What is being asked
All the data below needs to be retyped exactly as shown.

Data provided
--

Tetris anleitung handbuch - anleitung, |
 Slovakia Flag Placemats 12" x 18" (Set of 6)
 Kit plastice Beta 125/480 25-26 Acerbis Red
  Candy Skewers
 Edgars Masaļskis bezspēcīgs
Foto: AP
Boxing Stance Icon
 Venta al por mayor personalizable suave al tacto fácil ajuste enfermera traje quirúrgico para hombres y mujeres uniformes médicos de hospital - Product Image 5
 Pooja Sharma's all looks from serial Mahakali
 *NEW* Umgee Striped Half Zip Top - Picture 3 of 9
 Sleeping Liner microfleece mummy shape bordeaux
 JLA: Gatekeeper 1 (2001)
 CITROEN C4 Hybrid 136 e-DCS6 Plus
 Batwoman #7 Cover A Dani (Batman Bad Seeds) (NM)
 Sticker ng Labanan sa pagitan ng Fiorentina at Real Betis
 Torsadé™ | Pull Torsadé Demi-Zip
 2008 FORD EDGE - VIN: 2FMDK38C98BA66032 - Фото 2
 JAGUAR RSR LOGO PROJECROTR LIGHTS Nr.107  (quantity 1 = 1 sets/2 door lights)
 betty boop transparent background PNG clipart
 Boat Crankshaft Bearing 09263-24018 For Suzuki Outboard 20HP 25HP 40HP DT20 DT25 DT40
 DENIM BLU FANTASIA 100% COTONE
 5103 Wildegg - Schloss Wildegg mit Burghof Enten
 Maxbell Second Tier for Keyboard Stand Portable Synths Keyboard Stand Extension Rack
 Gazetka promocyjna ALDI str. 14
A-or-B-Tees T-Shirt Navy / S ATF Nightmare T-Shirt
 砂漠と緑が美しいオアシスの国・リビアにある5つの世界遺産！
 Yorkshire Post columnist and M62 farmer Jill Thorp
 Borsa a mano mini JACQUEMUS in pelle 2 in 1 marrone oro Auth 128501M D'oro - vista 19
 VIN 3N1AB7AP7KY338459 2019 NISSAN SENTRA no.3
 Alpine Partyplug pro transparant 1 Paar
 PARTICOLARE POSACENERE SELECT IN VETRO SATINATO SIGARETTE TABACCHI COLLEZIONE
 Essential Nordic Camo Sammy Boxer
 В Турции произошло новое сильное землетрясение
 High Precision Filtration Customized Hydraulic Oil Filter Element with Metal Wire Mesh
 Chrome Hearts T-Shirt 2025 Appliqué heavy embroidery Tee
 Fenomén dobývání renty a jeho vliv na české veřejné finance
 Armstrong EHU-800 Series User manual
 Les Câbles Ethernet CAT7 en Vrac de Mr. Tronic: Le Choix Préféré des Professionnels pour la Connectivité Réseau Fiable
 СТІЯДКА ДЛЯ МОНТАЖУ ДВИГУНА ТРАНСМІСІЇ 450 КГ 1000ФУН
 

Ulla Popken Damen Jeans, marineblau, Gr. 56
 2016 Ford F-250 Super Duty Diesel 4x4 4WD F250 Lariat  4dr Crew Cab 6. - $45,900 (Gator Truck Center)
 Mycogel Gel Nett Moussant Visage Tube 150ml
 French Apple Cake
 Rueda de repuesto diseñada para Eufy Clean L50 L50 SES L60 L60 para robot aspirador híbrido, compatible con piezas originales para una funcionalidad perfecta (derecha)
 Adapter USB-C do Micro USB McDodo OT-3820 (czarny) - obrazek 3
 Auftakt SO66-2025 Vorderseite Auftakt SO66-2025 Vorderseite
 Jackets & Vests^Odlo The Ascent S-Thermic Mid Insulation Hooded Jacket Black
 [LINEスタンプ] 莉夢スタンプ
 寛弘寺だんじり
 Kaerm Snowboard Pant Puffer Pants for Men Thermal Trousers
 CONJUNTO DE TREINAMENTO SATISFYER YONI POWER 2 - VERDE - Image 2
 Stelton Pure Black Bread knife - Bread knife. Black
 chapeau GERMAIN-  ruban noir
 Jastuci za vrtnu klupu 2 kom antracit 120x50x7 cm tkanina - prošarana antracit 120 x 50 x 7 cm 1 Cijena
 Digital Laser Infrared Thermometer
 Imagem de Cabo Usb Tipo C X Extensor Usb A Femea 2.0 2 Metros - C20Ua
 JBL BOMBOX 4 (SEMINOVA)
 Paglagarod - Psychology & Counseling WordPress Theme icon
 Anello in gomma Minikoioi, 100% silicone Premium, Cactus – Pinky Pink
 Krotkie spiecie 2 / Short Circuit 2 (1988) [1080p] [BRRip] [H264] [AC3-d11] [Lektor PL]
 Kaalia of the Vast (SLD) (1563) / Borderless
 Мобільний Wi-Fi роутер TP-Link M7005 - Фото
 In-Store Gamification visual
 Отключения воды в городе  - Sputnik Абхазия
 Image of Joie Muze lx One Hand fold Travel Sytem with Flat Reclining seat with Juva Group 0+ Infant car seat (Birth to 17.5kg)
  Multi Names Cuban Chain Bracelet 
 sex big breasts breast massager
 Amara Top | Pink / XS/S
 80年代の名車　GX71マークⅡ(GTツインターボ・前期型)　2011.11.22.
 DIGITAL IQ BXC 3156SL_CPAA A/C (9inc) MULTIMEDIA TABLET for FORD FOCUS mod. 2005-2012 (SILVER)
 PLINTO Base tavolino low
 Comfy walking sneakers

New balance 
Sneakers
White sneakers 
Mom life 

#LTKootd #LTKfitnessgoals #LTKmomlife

--

Final answer
Tetris anleitung handbuch - anleitung, |
 Slovakia Flag Placemats 12" x 18" (Set of 6)
 Kit plastice Beta 125/480 25-26 Acerbis Red
  Candy Skewers
 Edgars Masaļskis bezspēcīgs
Foto: AP
Boxing Stance Icon
 Venta al por mayor personalizable suave al tacto fácil ajuste enfermera traje quirúrgico para hombres y mujeres uniformes médicos de hospital - Product Image 5
 Pooja Sharma's all looks from serial Mahakali
 *NEW* Umgee Striped Half Zip Top - Picture 3 of 9
 Sleeping Liner microfleece mummy shape bordeaux
 JLA: Gatekeeper 1 (2001)
 CITROEN C4 Hybrid 136 e-DCS6 Plus
 Batwoman #7 Cover A Dani (Batman Bad Seeds) (NM)
 Sticker ng Labanan sa pagitan ng Fiorentina at Real Betis
 Torsadé™ | Pull Torsadé Demi-Zip
 2008 FORD EDGE - VIN: 2FMDK38C98BA66032 - Фото 2
 JAGUAR RSR LOGO PROJECROTR LIGHTS Nr.107  (quantity 1 = 1 sets/2 door lights)
 betty boop transparent background PNG clipart
 Boat Crankshaft Bearing 09263-24018 For Suzuki Outboard 20HP 25HP 40HP DT20 DT25 DT40
 DENIM BLU FANTASIA 100% COTONE
 5103 Wildegg - Schloss Wildegg mit Burghof Enten
 Maxbell Second Tier for Keyboard Stand Portable Synths Keyboard Stand Extension Rack
 Gazetka promocyjna ALDI str. 14
A-or-B-Tees T-Shirt Navy / S ATF Nightmare T-Shirt
 砂漠と緑が美しいオアシスの国・リビアにある5つの世界遺産！
 Yorkshire Post columnist and M62 farmer Jill Thorp
 Borsa a mano mini JACQUEMUS in pelle 2 in 1 marrone oro Auth 128501M D'oro - vista 19
 VIN 3N1AB7AP7KY338459 2019 NISSAN SENTRA no.3
 Alpine Partyplug pro transparant 1 Paar
 PARTICOLARE POSACENERE SELECT IN VETRO SATINATO SIGARETTE TABACCHI COLLEZIONE
 Essential Nordic Camo Sammy Boxer
 В Турции произошло новое сильное землетрясение
 High Precision Filtration Customized Hydraulic Oil Filter Element with Metal Wire Mesh
 Chrome Hearts T-Shirt 2025 Appliqué heavy embroidery Tee
 Fenomén dobývání renty a jeho vliv na české veřejné finance
 Armstrong EHU-800 Series User manual
 Les Câbles Ethernet CAT7 en Vrac de Mr. Tronic: Le Choix Préféré des Professionnels pour la Connectivité Réseau Fiable
 СТІЯДКА ДЛЯ МОНТАЖУ ДВИГУНА ТРАНСМІСІЇ 450 КГ 1000ФУН
 

Ulla Popken Damen Jeans, marineblau, Gr. 56
 2016 Ford F-250 Super Duty Diesel 4x4 4WD F250 Lariat  4dr Crew Cab 6. - $45,900 (Gator Truck Center)
 Mycogel Gel Nett Moussant Visage Tube 150ml
 French Apple Cake
 Rueda de repuesto diseñada para Eufy Clean L50 L50 SES L60 L60 para robot aspirador híbrido, compatible con piezas originales para una funcionalidad perfecta (derecha)
 Adapter USB-C do Micro USB McDodo OT-3820 (czarny) - obrazek 3
 Auftakt SO66-2025 Vorderseite Auftakt SO66-2025 Vorderseite
 Jackets & Vests^Odlo The Ascent S-Thermic Mid Insulation Hooded Jacket Black
 [LINEスタンプ] 莉夢スタンプ
 寛弘寺だんじり
 Kaerm Snowboard Pant Puffer Pants for Men Thermal Trousers
 CONJUNTO DE TREINAMENTO SATISFYER YONI POWER 2 - VERDE - Image 2
 Stelton Pure Black Bread knife - Bread knife. Black
 chapeau GERMAIN-  ruban noir
 Jastuci za vrtnu klupu 2 kom antracit 120x50x7 cm tkanina - prošarana antracit 120 x 50 x 7 cm 1 Cijena
 Digital Laser Infrared Thermometer
 Imagem de Cabo Usb Tipo C X Extensor Usb A Femea 2.0 2 Metros - C20Ua
 JBL BOMBOX 4 (SEMINOVA)
 Paglagarod - Psychology & Counseling WordPress Theme icon
 Anello in gomma Minikoioi, 100% silicone Premium, Cactus – Pinky Pink
 Krotkie spiecie 2 / Short Circuit 2 (1988) [1080p] [BRRip] [H264] [AC3-d11] [Lektor PL]
 Kaalia of the Vast (SLD) (1563) / Borderless
 Мобільний Wi-Fi роутер TP-Link M7005 - Фото
 In-Store Gamification visual
 Отключения воды в городе  - Sputnik Абхазия
 Image of Joie Muze lx One Hand fold Travel Sytem with Flat Reclining seat with Juva Group 0+ Infant car seat (Birth to 17.5kg)
  Multi Names Cuban Chain Bracelet 
 sex big breasts breast massager
 Amara Top | Pink / XS/S
 80年代の名車　GX71マークⅡ(GTツインターボ・前期型)　2011.11.22.
 DIGITAL IQ BXC 3156SL_CPAA A/C (9inc) MULTIMEDIA TABLET for FORD FOCUS mod. 2005-2012 (SILVER)
 PLINTO Base tavolino low
 Comfy walking sneakers

New balance 
Sneakers
White sneakers 
Mom life 

#LTKootd #LTKfitnessgoals #LTKmomlife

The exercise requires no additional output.